### Work task
Could you restate word for word every line of the records below, from the first one to the one holding "Prized possessions: Toadies’"?

### Dataset entries
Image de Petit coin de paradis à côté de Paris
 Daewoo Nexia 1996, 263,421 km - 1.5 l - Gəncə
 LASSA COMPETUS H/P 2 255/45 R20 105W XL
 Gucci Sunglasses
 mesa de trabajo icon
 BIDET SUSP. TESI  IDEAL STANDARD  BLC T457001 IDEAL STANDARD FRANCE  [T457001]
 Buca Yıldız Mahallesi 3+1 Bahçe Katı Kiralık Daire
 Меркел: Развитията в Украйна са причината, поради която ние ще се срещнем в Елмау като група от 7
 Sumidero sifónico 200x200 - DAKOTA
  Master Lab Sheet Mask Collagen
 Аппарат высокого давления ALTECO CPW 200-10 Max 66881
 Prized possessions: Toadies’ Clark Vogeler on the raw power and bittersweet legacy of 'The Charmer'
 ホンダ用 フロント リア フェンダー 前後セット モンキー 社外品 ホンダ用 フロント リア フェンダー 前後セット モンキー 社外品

### Written response
Image de Petit coin de paradis à côté de Paris
 Daewoo Nexia 1996, 263,421 km - 1.5 l - Gəncə
 LASSA COMPETUS H/P 2 255/45 R20 105W XL
 Gucci Sunglasses
 mesa de trabajo icon
 BIDET SUSP. TESI  IDEAL STANDARD  BLC T457001 IDEAL STANDARD FRANCE  [T457001]
 Buca Yıldız Mahallesi 3+1 Bahçe Katı Kiralık Daire
 Меркел: Развитията в Украйна са причината, поради която ние ще се срещнем в Елмау като група от 7
 Sumidero sifónico 200x200 - DAKOTA
  Master Lab Sheet Mask Collagen
 Аппарат высокого давления ALTECO CPW 200-10 Max 66881
 Prized possessions: Toadies’ Clark Vogeler on the raw power and bittersweet legacy of 'The Charmer'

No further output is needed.